* **Extracted information**
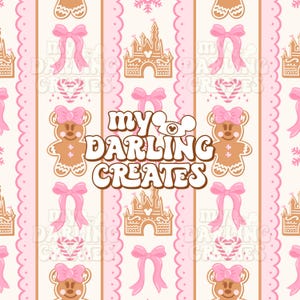 May include: A repeating pattern featuring gingerbread bears with pink bows, gingerbread castles, candy canes, and pink bows on a cream background with pink scalloped stripes. The text my DARLING CREATES is centred in brown and white.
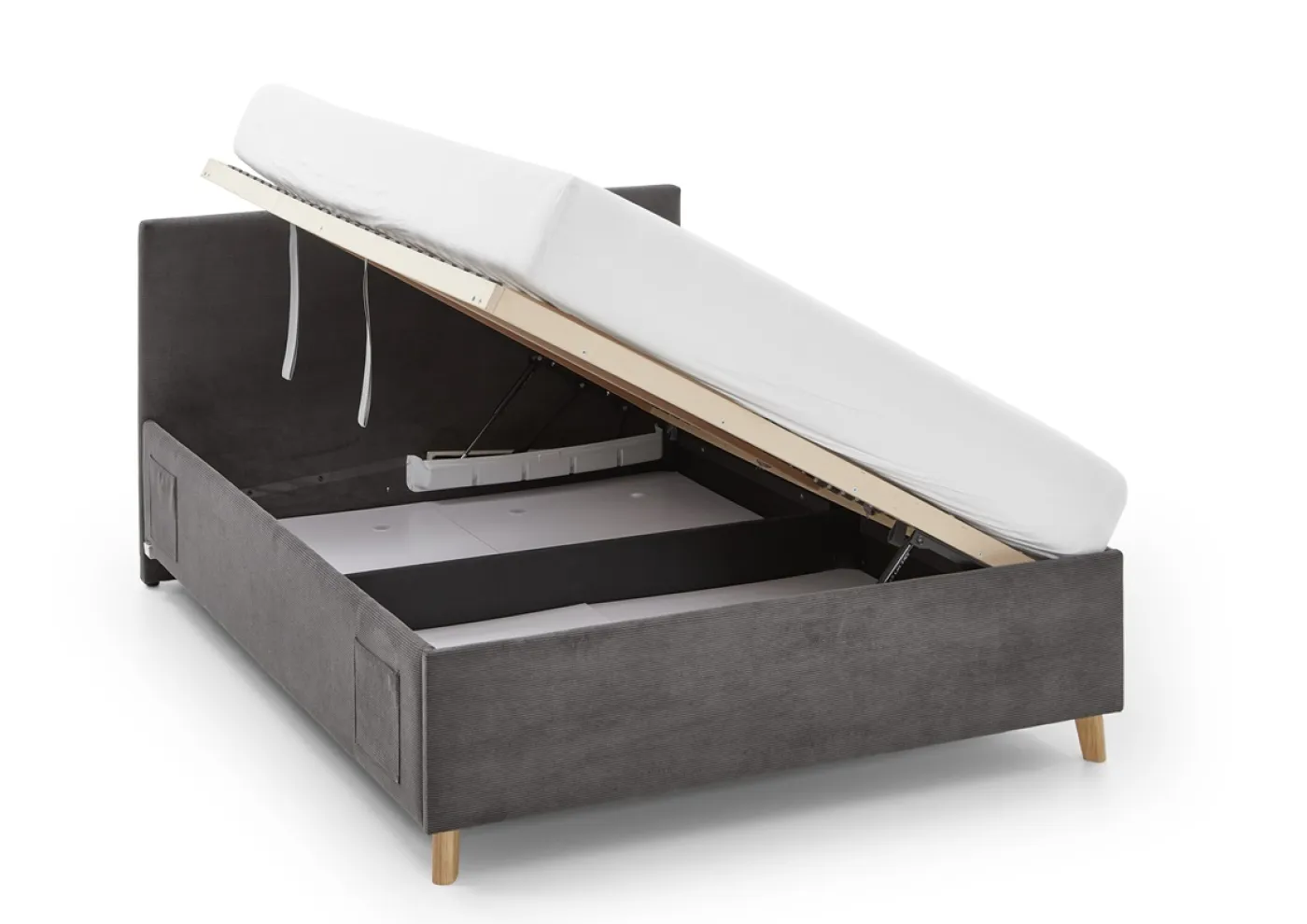 Polsterbett Cool inkl. Bettkasten | anthrazit | 140 x 200 cm | ohne Rückenteil | mit Matratze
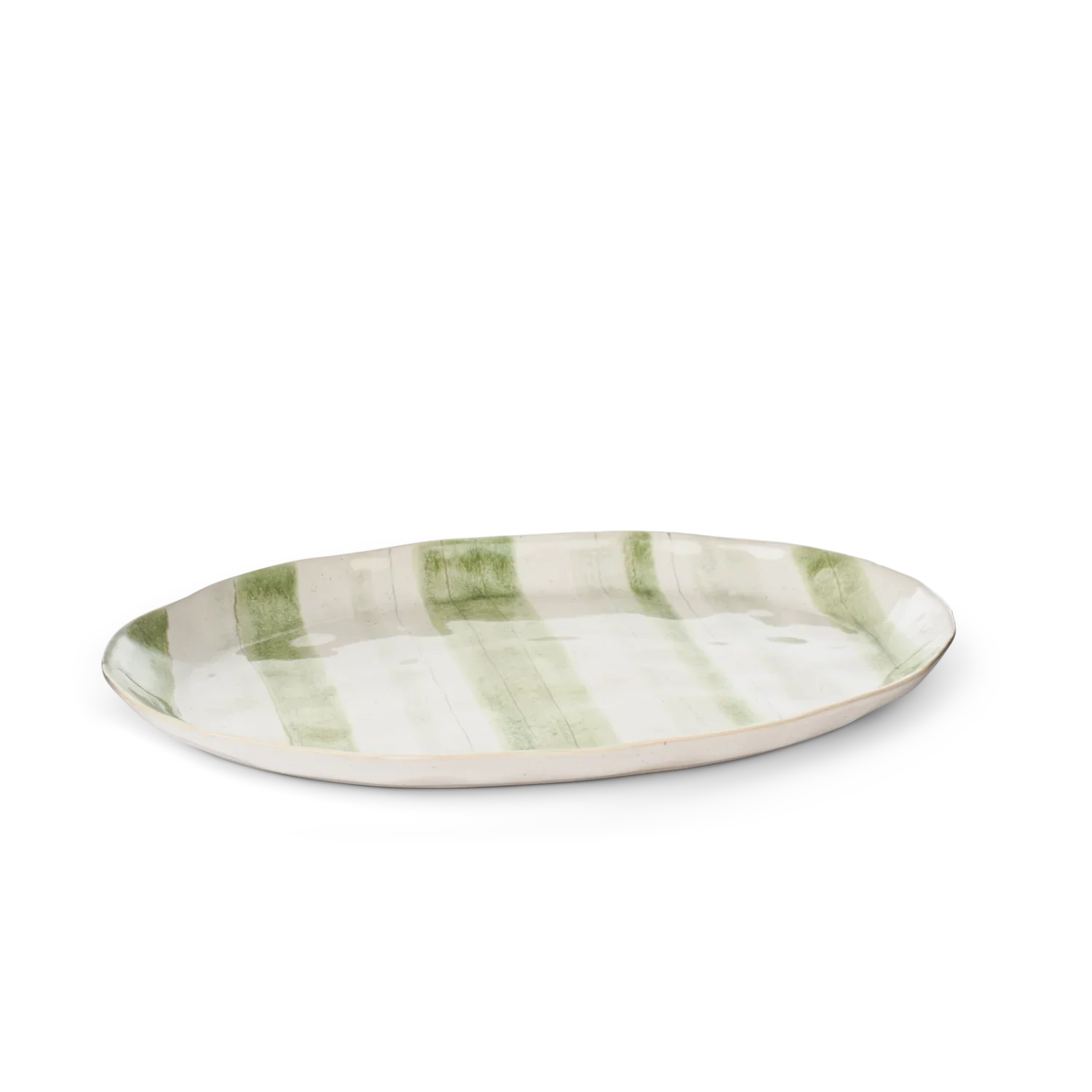 Neptune Accessories_Tabletop_Serveware default Hollywell Round Platter, Green Stripe
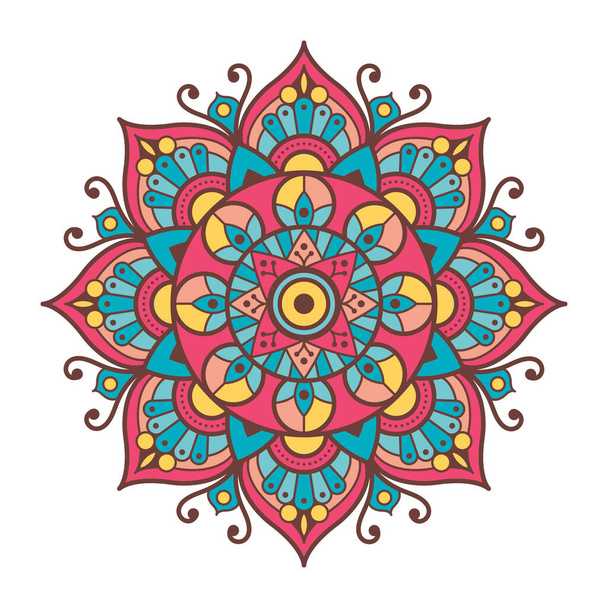 Colorful ornamental mandala on white background, oriental art, floral pattern and decorative element - Vector, Image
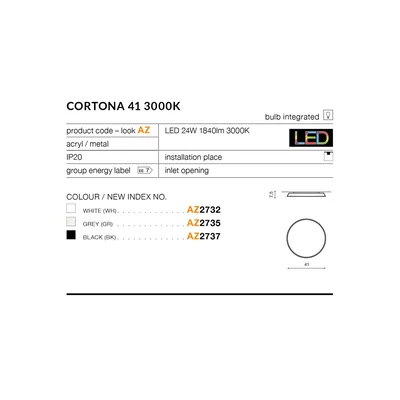 CORTONA 41 3000K Lampa sufitowa szara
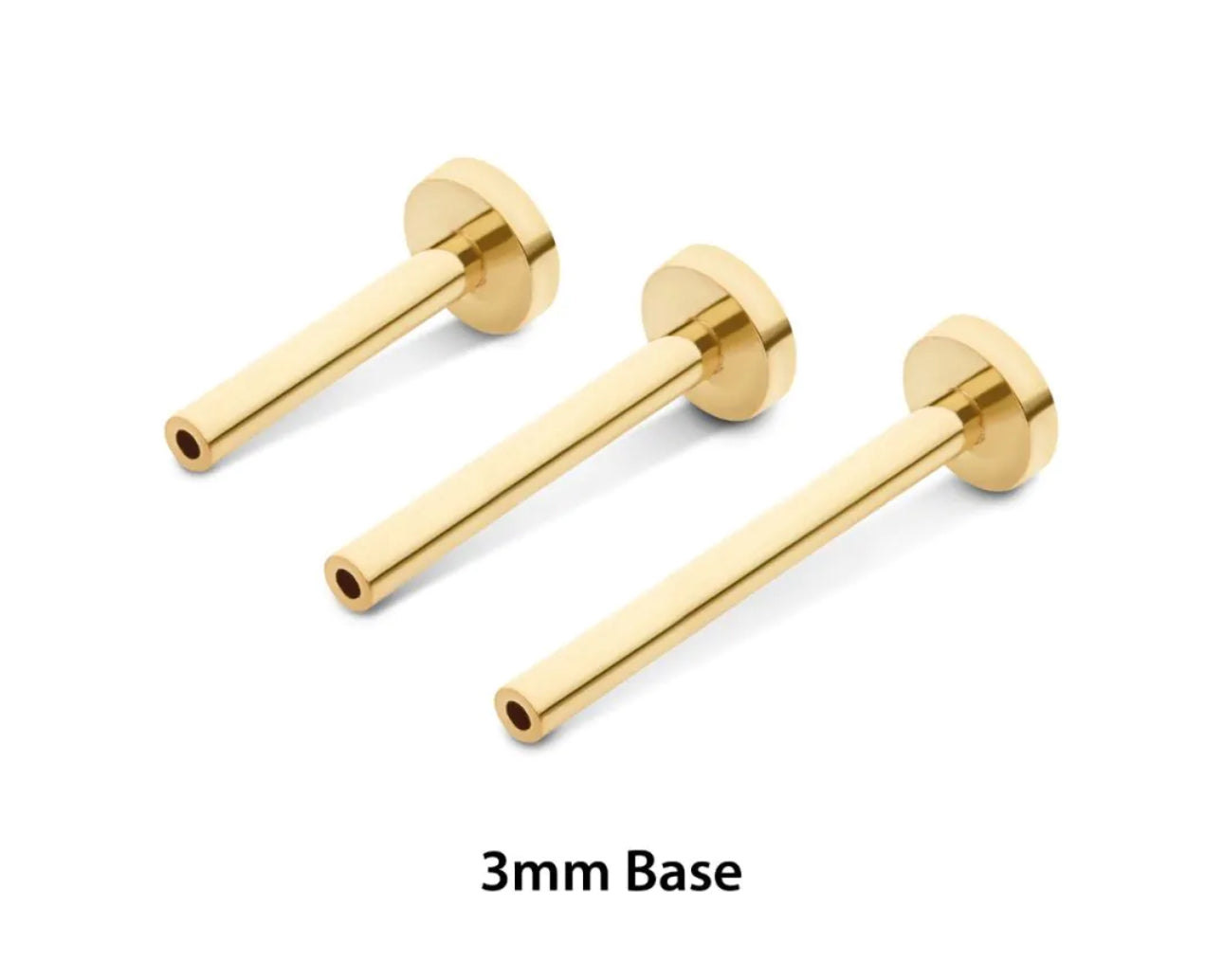 14Kt Gold Threadless Labret with 3mm Base | solid gold earring | 14kt gold earring | ear piercing | helix piercing | conch piercing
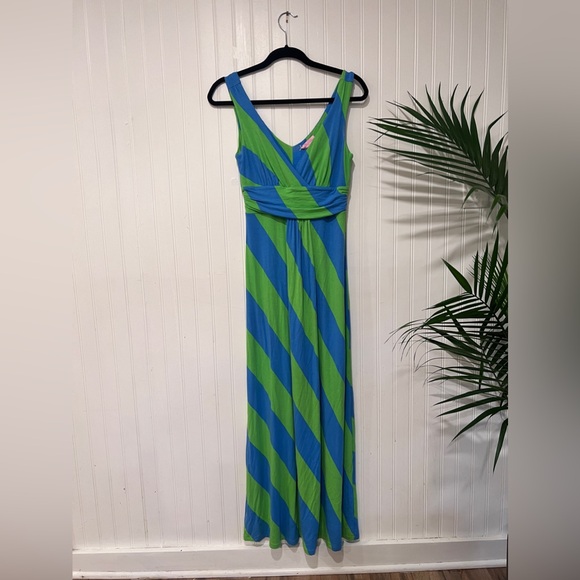 LILLY PULITZER Sloane V-neck Maxi Dress in always a party stripe SMALL $198 - Picture 2 of 5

* **What to do**
Transcribe, please, the lines from the one holding "Colorful ornamental mandala" to the final line of the material, both included, exactly and with no extra lines, and skip the pictures.

* **Solution below**
 Colorful ornamental mandala on white background, oriental art, floral pattern and decorative element - Vector, Image
 CORTONA 41 3000K Lampa sufitowa szara
 14Kt Gold Threadless Labret with 3mm Base | solid gold earring | 14kt gold earring | ear piercing | helix piercing | conch piercing
 LILLY PULITZER Sloane V-neck Maxi Dress in always a party stripe SMALL $198 - Picture 2 of 5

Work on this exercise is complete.